XRT OpenCL introduces a new buffer extension Flag XCL_MEM_EXT_HOST_ONLY that should be used to denote a Host-only buffer

cl_mem_ext_ptr_t host_buffer_ext;
host_buffer_ext.flags = XCL_MEM_EXT_HOST_ONLY;
host_buffer_ext.obj = NULL;
host_buffer_ext.param = 0;

cl::Buffer buffer_in (context,CL_MEM_READ_ONLY |CL_MEM_EXT_PTR_XILINX, size, &host_buffer_ext);
cl::Buffer buffer_out(context,CL_MEM_WRITE_ONLY |CL_MEM_EXT_PTR_XILINX, size, &host_buffer_ext);

In XRT Native APIs the xrt::bo object should be created with the flag xrt::bo::flags::host_only as shown in the example below

xrt::bo buffer_in (device, size, xrt::bo::flags::host_only, kernel.group_id(0));
xrt::bo buffer_out(device, size, xrt::bo::flags::host_only, kernel.group_id(1));

Also ensure to follow coding guideline as stated below

  • Let XRT allocate the buffer as shown in the above code examples.
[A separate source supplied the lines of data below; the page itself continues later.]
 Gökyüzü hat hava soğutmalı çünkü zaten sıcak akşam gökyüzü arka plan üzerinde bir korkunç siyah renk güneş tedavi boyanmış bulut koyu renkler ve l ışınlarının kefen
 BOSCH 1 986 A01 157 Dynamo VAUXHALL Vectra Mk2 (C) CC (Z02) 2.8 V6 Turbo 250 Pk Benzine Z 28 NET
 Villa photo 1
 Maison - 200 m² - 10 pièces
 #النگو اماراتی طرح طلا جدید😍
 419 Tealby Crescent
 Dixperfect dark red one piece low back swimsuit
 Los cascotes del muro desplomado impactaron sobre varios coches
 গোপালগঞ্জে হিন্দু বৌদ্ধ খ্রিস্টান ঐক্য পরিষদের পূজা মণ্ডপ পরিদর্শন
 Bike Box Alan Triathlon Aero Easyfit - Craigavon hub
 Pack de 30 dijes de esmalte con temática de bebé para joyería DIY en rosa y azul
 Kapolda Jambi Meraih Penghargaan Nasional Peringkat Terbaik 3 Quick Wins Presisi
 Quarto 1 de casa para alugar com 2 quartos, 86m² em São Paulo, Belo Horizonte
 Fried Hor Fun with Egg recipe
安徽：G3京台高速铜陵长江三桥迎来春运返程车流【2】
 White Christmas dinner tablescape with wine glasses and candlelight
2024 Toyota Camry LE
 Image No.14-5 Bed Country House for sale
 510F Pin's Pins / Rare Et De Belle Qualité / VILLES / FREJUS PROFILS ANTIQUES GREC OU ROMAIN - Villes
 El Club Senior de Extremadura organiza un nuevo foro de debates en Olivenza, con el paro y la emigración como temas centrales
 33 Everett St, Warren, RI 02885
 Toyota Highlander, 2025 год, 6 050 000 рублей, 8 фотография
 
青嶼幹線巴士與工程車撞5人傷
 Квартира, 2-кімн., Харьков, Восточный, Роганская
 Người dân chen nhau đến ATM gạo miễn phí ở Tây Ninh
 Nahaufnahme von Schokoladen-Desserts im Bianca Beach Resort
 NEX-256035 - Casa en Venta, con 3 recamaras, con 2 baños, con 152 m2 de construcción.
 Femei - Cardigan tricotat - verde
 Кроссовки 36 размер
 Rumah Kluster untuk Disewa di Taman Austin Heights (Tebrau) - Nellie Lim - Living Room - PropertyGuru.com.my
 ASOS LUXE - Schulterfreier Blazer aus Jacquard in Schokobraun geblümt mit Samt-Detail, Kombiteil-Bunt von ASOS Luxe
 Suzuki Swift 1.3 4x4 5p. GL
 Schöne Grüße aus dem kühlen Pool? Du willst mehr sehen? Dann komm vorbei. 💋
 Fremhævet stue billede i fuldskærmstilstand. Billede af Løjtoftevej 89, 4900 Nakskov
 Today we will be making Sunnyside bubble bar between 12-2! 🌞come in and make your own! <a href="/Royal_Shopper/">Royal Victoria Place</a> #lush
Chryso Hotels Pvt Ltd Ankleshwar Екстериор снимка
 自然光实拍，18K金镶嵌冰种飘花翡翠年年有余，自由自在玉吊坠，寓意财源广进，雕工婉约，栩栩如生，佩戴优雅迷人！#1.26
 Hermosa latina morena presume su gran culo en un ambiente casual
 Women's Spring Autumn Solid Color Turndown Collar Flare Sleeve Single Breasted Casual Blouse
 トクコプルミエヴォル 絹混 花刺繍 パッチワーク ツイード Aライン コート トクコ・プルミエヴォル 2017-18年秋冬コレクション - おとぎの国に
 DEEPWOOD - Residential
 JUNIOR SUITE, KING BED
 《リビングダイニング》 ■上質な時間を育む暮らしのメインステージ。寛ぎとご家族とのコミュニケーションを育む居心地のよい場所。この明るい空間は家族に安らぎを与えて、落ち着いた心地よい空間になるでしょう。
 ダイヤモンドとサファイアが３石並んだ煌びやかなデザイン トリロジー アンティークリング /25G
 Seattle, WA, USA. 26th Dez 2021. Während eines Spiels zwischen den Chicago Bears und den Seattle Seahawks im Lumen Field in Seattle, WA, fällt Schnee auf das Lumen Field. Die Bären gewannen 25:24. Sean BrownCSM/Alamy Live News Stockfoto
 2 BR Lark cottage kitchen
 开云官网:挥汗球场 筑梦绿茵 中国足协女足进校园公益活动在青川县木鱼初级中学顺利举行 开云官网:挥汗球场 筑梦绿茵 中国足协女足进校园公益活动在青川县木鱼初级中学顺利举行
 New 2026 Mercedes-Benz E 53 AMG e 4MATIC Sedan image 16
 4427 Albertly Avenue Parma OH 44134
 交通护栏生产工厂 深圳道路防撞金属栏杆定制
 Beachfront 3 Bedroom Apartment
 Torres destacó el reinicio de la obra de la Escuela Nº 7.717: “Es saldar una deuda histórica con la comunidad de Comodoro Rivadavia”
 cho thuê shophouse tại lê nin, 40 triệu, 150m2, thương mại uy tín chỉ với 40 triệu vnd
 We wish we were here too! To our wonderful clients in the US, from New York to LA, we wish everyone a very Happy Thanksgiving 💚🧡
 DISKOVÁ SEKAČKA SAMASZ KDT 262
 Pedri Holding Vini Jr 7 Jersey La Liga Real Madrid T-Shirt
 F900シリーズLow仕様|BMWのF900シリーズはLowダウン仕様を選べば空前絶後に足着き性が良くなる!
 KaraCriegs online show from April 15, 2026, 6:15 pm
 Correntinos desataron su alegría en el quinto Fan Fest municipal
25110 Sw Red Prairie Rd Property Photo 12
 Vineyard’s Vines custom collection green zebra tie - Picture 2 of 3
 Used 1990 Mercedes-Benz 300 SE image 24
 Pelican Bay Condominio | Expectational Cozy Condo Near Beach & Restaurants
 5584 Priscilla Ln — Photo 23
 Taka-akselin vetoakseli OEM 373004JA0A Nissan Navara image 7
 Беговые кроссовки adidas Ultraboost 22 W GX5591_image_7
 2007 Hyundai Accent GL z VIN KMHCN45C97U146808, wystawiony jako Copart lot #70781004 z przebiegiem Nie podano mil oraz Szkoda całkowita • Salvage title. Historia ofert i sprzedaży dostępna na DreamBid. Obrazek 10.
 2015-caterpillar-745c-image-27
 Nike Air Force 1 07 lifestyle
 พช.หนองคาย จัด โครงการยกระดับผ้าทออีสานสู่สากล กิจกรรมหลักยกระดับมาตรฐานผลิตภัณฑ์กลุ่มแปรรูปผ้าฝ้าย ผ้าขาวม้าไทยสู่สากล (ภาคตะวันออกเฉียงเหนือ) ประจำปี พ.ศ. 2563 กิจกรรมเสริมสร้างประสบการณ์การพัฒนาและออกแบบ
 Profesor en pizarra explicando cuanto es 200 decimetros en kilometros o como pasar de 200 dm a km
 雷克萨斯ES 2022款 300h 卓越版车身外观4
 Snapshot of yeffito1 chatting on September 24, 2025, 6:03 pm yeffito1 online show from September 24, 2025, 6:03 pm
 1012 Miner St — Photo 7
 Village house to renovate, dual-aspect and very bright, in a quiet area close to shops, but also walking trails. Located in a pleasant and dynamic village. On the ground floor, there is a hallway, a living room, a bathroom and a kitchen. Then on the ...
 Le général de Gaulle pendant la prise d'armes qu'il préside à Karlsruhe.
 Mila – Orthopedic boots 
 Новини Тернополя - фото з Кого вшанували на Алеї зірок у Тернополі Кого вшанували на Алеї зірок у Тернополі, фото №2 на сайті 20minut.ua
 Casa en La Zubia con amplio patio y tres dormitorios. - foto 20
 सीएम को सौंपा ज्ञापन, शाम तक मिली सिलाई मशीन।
Do not create a buffer from an already created user-space memory. The host code should map the buffer object to the user-space for read/write operation.
  • Regular data transfer APIs (OpenCL: clEnqueueMigramemObjects/clEnqueueWriteBuffer, XRT Native API: xrt::bo::sync()) should be used. Though these API will not do any DMA operation, they are used for Cache Invalidate/Flush as the application works on the Cache memory.